Совсем незадолго до смерти матери – но когда я еще не успела уехать из дома – она получила письмо от настоящей Флоры. Оно пришло из городка, ближайшего к ферме, – того самого, куда Флора когда-то ездила с Робертом, стоя в телеге за мешками шерсти или картофеля.
Флора написала, что больше не живет на ферме.
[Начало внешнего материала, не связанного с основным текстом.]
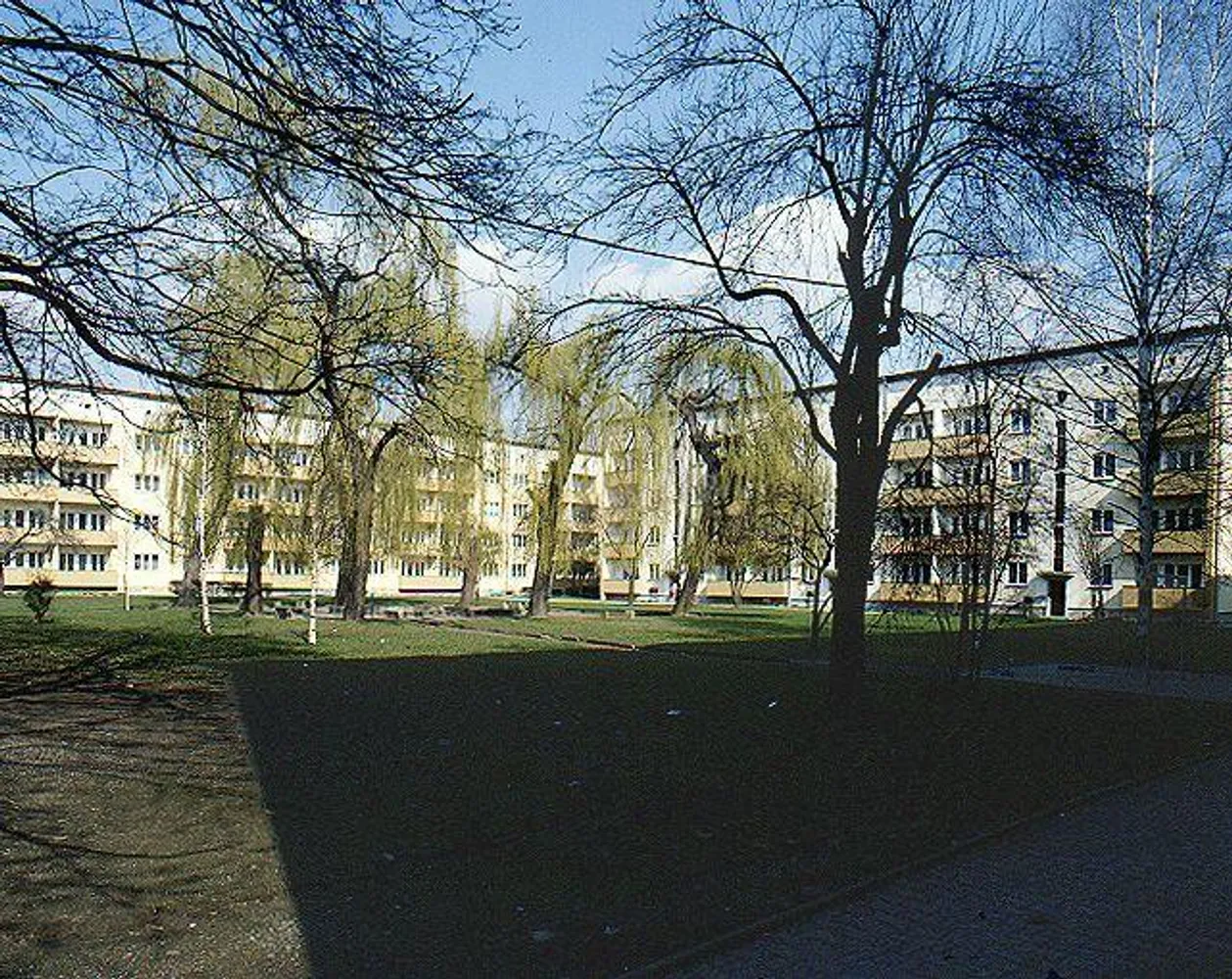 3 Zimmer Wohnung mit 64 m² in Dresden – Bild 1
«Роберт и Одри по-прежнему живут там, – писала она. – У Роберта что-то со спиной, но за исключением этого он вполне здоров. У Одри плохие сосуды и частая одышка. Доктор говорит, что ей нужно худеть, но диеты как-то не помогают. Ферма процветает. Они совсем перестали разводить овец и переключились на молочных коров. Как Вы, вероятно, слышали, для фермера нынче главное – выбить у правительства квоту на молоко, и тогда его дело в шляпе. Старое стойло теперь отлично оборудовано, там доильные аппараты и прочие современные машины, просто чудо. Когда я приезжаю туда в гости, то сама не знаю, где очутилась».
Дальше Флора писала, что уже несколько лет живет в городе и работает продавщицей в магазине. Она, вероятно, упомянула название магазина, но я его забыла. Конечно, она не объяснила, что привело ее к этому решению – то ли ее согнали с собственной фермы, то ли она продала свою долю (видимо, не слишком выгодно). Она подчеркивала, что в хороших отношениях с Робертом и Одри. Она упомянула, что находится в добром здравии.